Media firm Stuff making changes in newsrooms

7:43 pm on 18 October 2022

By Sam Hurley of NZ Herald

The Commerce Commission has declined a merger which would have created New Zealand’s biggest news media company
Fairfax Media NZ,, 
NZME, NZ Herald.

Stuff is making changes, but won't say until after consultation with staff whether job losses are being considered. Photo: RNZ/ Brad White

Media firm Stuff is proposing changes to some of its newsrooms but has declined to say if it will result in job losses.

The Herald understands positions were under review in several regions where the company has a presence.

Stuff's stable of mastheads includes its namesake news website, The Dominion Post, The Press, and Sunday Star-Times. It also publishes regional and community newspapers, including The Manawatū Standard, Nelson Mail, Taranaki Daily News and Waikato Times.

In a statement after inquiries by the Herald today, Stuff's chief content officer Joanna Norris said the business was "proposing some changes in tasks and roles in our local newsrooms".

"The changes will strengthen our local news operations and ensure we continue to have journalists based right across New Zealand deeply connected to covering local issues and people," Norris said.

"This will allow our journalists with boots on the ground in our regional newsrooms to produce unique, enterprise journalism relevant to their readers and to engage regularly with our subscribers and future audiences."

Stuff declined to answer specific questions by the Herald about what roles, how many, and which publications might be affected by the changes.

"We are currently seeking feedback from staff affected by the proposal and will only be in a position to confirm our future plans once that process is completed," Norris said.

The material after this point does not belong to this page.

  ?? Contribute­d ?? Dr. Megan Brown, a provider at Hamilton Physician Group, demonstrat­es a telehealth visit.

She said despite any changes, Stuff would continue to have more journalists in more locations than any other New Zealand news organisation.

Sinead Boucher

Stuff chief executive Sinead Boucher has spoken out about a proposed public media merger creating 'unfair' terrain for private media companies. Photo: supplied

Earlier this month, Stuff chief executive Sinead Boucher and other media bosses warned about the government's plan to merge TVNZ and RNZ into a single public media entity.

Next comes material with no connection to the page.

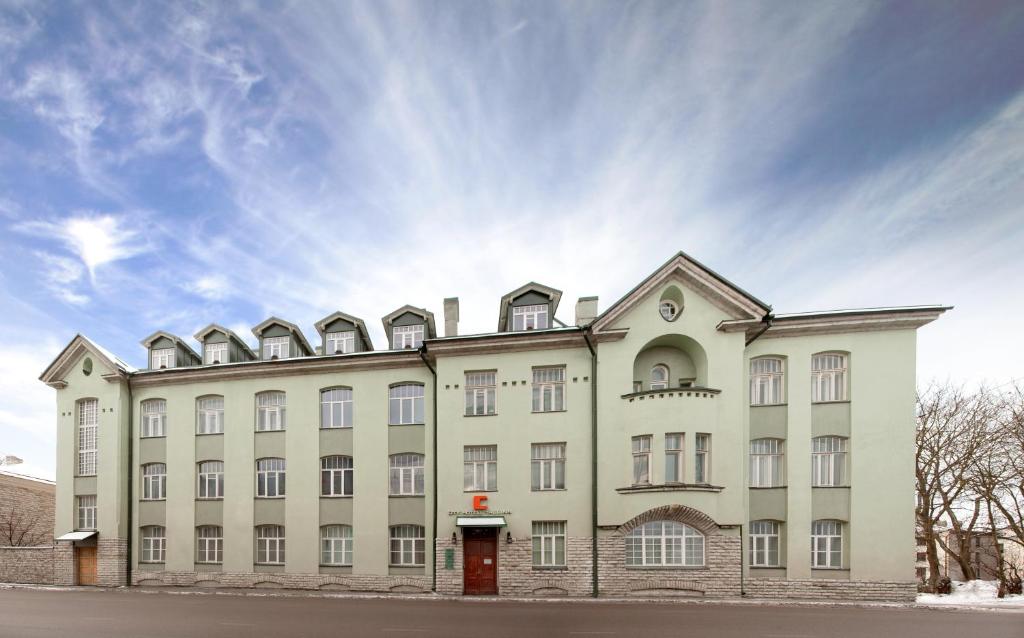 a large white building with a pointed roof at City Hotel Tallinn by Unique Hotels in Tallinn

Boucher said private media was facing a "pincer movement" from the proposed organisation, which could use public funding to undercut competitors for advertising revenue and over pay when competing for talent and staff.

"In some cases the salary offers have been 30 percent above what we have been paying, and what we are paying is very much the market rate - not low paying," she said.

"So we are already starting to feel the effects of it and the entity is not even formed."

Boucher is the owner of Stuff Ltd after buying it from Australian media company Nine Entertainment for a nominal $1.

Former parent company Nine's board had been resolved to close Stuff's doors if a sale could not be concluded by the end of May 2020 - following the onset of the Covid-19 pandemic and an associated decline in Stuff's advertising revenues.

It ended years of speculation about the company's ownership and unsuccessful attempts by Herald publisher NZME to buy or merge with the firm, which were blocked by the Commerce Commission and the courts.